Loomba's Critique: The Lingering Ghosts of Empire

Loomba acknowledges the provocative nature of this thesis but offers a powerful critique, arguing that dismissing the center-margin model is not only premature but dangerous. She does not deny the reality of global networks but insists they operate on a landscape still brutally shaped by colonial history.

  1. The "New" Empire Feels Very Old: Loomba points to voices from the Global South that experience contemporary globalization not as a break from history, but as its continuation. She quotes an unemployed Bolivian miner who declares, "Globalization is just another name for submission and domination... We’ve had to live with that here for 500 years." The report details how free-market reforms in Bolivia, enforced by international financial institutions, led to increased poverty and unemployment, mirroring colonial extractive patterns.

  2. The Violence of "Market Fundamentalism": Drawing on economist P. Sainath, Loomba argues that the mobility of capital has created its own "market fundamentalism"—a rigid ideology as destructive and cross-border as any religious fundamentalism. This fundamentalism, enforced by institutions like the IMF and World Bank, has led to "imposition, disintegration, underdevelopment and appropriation" in the developing world, intensifying pre-existing global asymmetries.

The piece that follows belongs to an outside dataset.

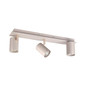 Preview: Kanlux Deckenstrahler Evalo 3-flammig 3xGU10 Beige Aluminium 45cm 90782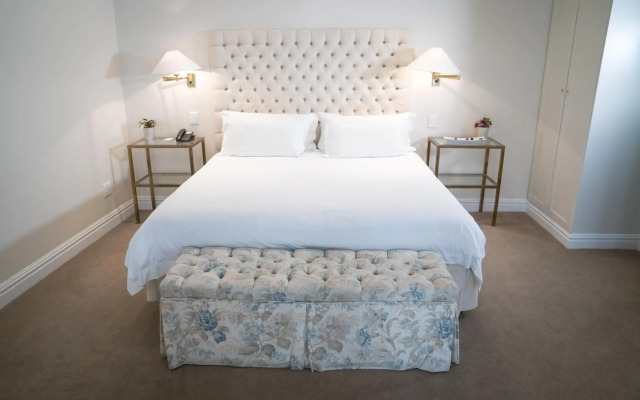 The Andros Deluxe Boutique Hotel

  3. The Return of the Repressed Center: Most damningly, Loomba shows that while theorists like Hardt and Negri shy away from naming a center, the advocates of a "New American Empire" have no such hesitation. She quotes figures like Niall Ferguson and Robert D. Kaplan who openly call for the U.S. to embrace its imperial role, drawing direct and celebratory parallels to the British Empire. This rhetoric, used to justify the invasions of Afghanistan and Iraq, blatantly re-establishes a very clear center of military and political power.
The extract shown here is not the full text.